__PROBLEM TO WORK ON__.
When you transcribe the listing that follows, keep every line exact and skip any picture.

** Opening DATA SECTION block **

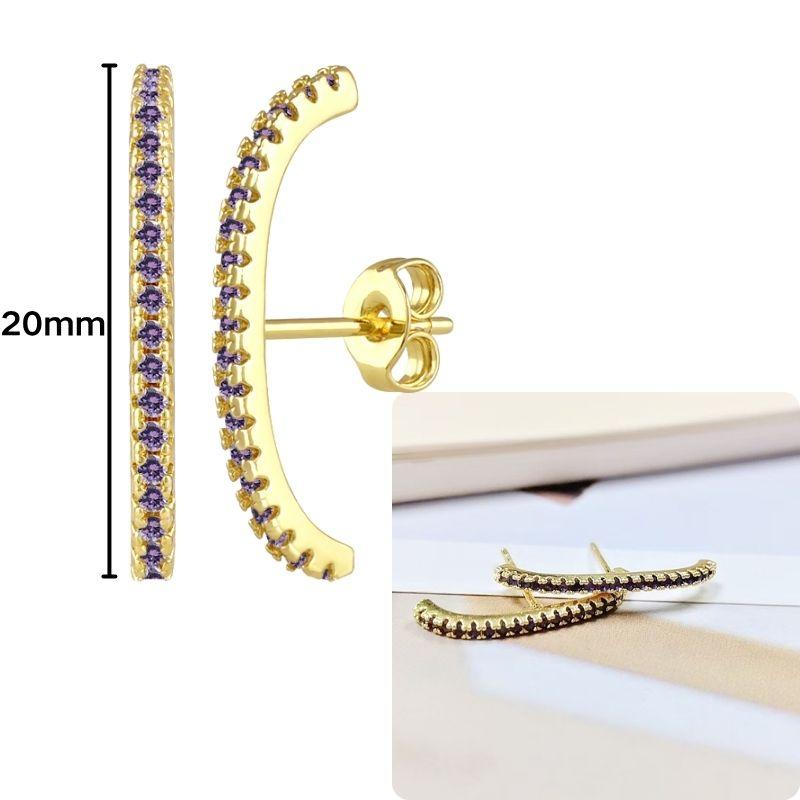 Damen 925 Silber Ohrstecker Lila Zirkon Ohrringe Creolen Lila Kristall Anhänger Ohrring Mode Hochzeits Schmuck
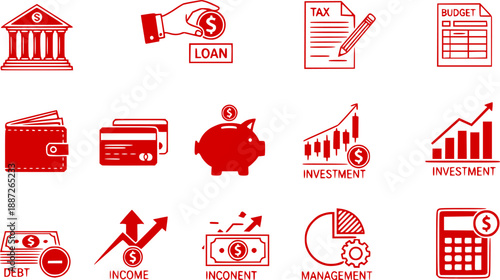 Personal finance icon set. featuring bank, loan, tax, budget, wallet, credit card, savings, investment, debt, income, financial management and more. perfect for Vector icon collection.
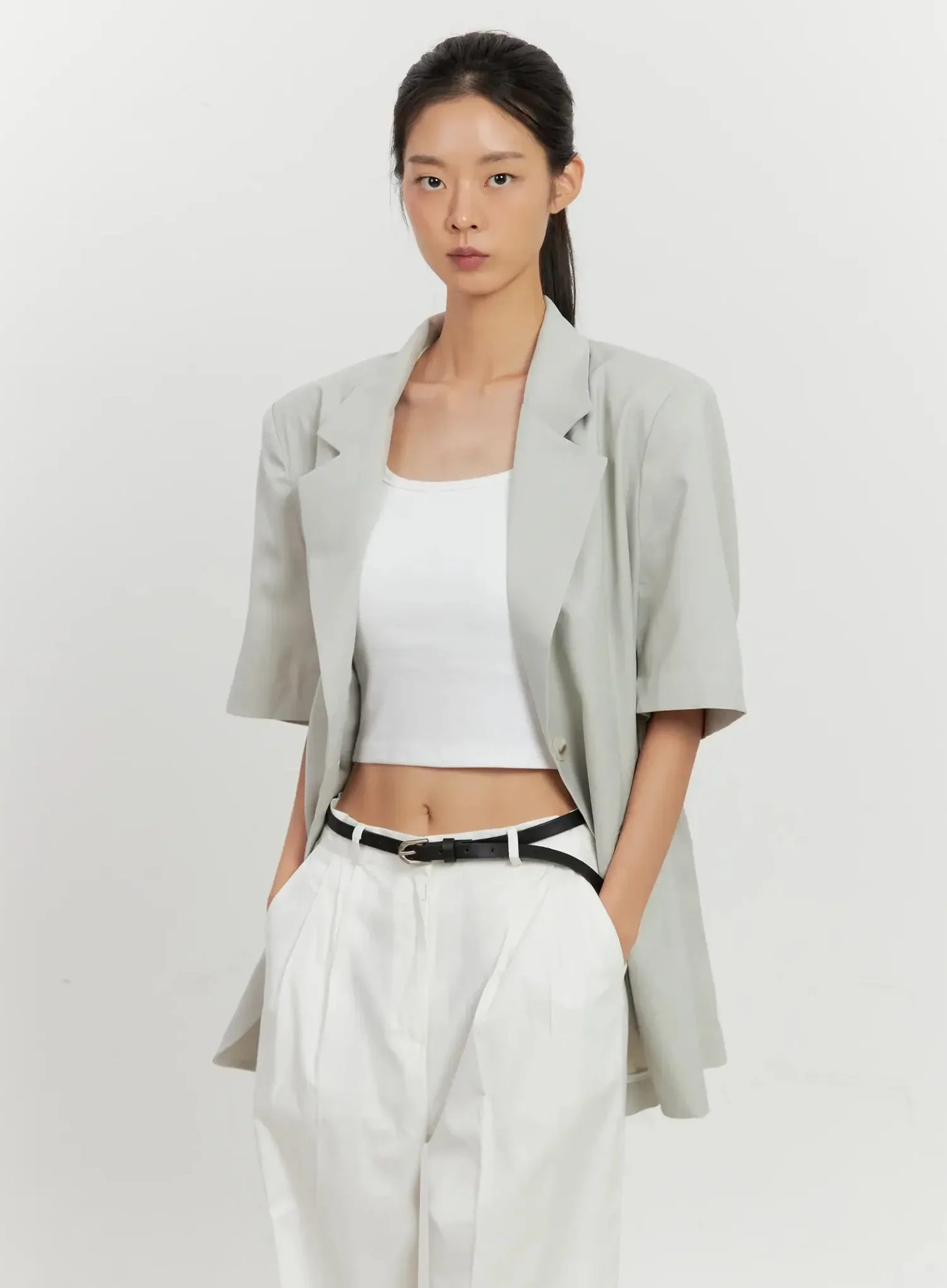 Short-Sleeve Blazer Jacket IL528 - Image 9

** Closing DATA SECTION block **

__WRITTEN SOLUTION__.
 Damen 925 Silber Ohrstecker Lila Zirkon Ohrringe Creolen Lila Kristall Anhänger Ohrring Mode Hochzeits Schmuck
 Personal finance icon set. featuring bank, loan, tax, budget, wallet, credit card, savings, investment, debt, income, financial management and more. perfect for Vector icon collection.
 Short-Sleeve Blazer Jacket IL528 - Image 9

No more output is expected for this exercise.